Per the MMOA FDOT established with the Applicant, FDOT has the authority to remove landscape if the road needs to be widened, altered, or otherwise changed to meet future criteria or planning.[11]  FDOT also has the authority to terminate the agreement and to decide all disputes.[12]  The Applicant’s maintenance responsibilities are limited to landscape, hardscape, and irrigation, and the Applicant must seek approval from FDOT for any intended changes.[13]  Erosion control and shoreline maintenance (the work on appeal) are not included in the Applicant’s maintenance responsibilities.  On first appeal, the Applicant provided a proposed amendment to the MMOA to include shoreline maintenance, but it has not been approved by FDOT and was not in effect at the time of the disaster.  The Applicant has not provided documentation to demonstrate it is legally responsible for the claimed work associated with shoreline erosion repairs.

 

Conclusion

FEMA finds that the spoil islands are in a Federal-aid route’s right-of-way and the Applicant has not demonstrated that it was legally responsible for the claimed work.  Therefore, this appeal is denied.

 

[1] Prior to 2007, the road crossed the lagoon via a series of three bridges connected to the two spoil islands.  The series of bridges were then replaced with a single bridge starting in 2007.

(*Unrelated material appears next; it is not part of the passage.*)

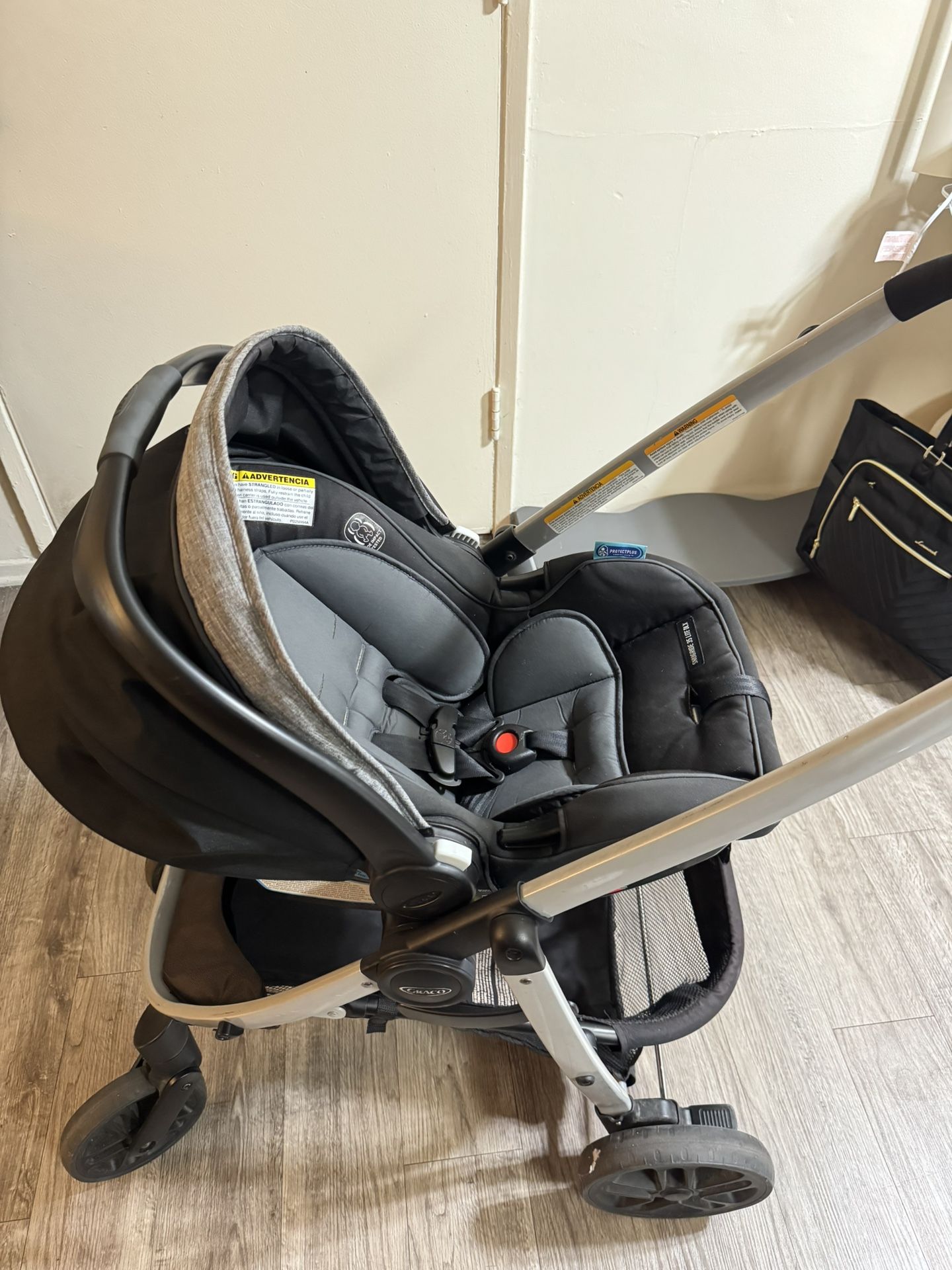 Graco 3 in 1 Stroller & Infant Car seat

[2] Robert T. Stafford Disaster Relief and Emergency Assistance Act § 406(a)(1), Title 42, United States Code § 5172(a)(1) (2012).

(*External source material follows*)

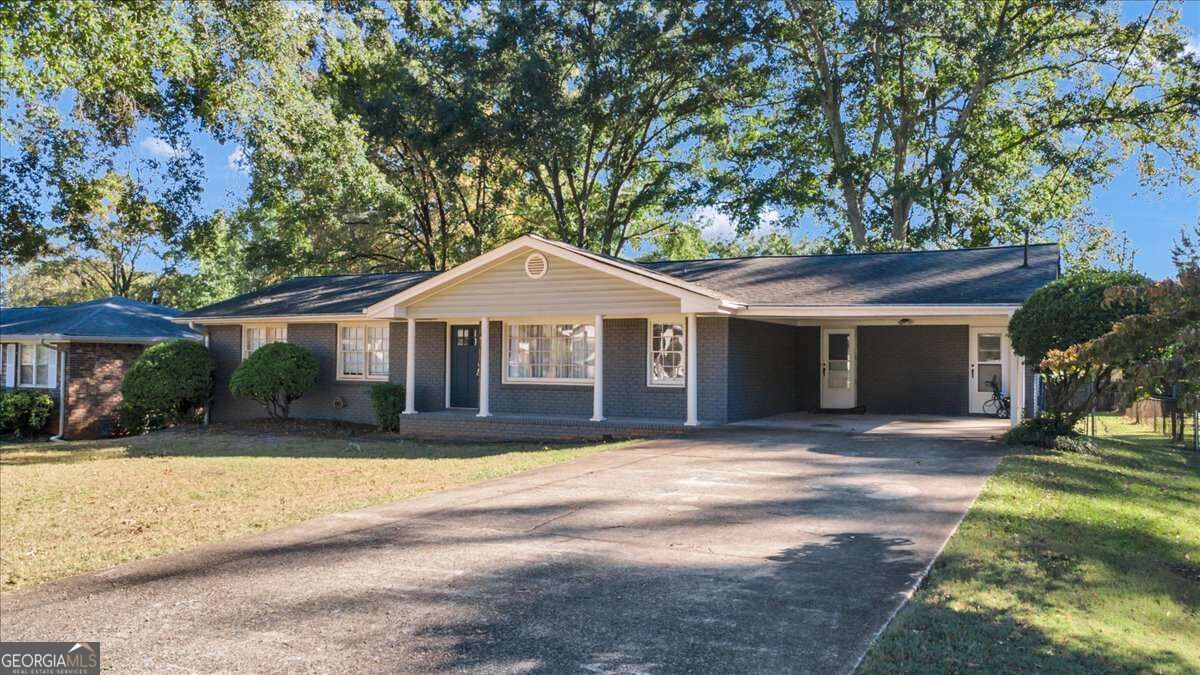 526 Pineview Drive Se Property Photo 1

[3] Title 44 Code of Federal Regulations (C.F.R.) § 206.226(a)(1) (2016).

[4] Public Assistance Program and Policy Guide, FP 104-009-2, at 116 (April 2018) [hereinafter PAPPG].

[5] Id.

[6] FEMA Second Appeal Analysis, York (Town of), FEMA-4367-DR-ME, at 4 (Sept. 16, 2020) (finding that the facility was not eligible for PA funding and remained ineligible even if the ER program was not activated, or if the program was activated but FHWA did not provide funding for the work).

[7] 44 C.F.R. § 206.223(a)(3).

[8] PAPPG, at 21.

[9] Id.

[10] Id.

[11] District Four (4) Maintenance Memorandum of Agreement, State of Fla. Dep’t of Transp.-Martin Cnty., at paragraph 4 (Dec. 28, 2006).

[12] Id. at paragraphs 7, 13.

[13] Id. at paragraph 2.  The Applicant agreed to maintain: (1) the landscape and irrigation within the medians and areas outside the travel way to the right of way line; and (2) all landscaped/turfed areas and areas covered with interlocking pavers or similar type surfacing (hardscape) within the median and areas within the travel way to the right of way line, including paver sidewalks, paver intersections and all paver header curbs, stamped asphalt and concrete areas.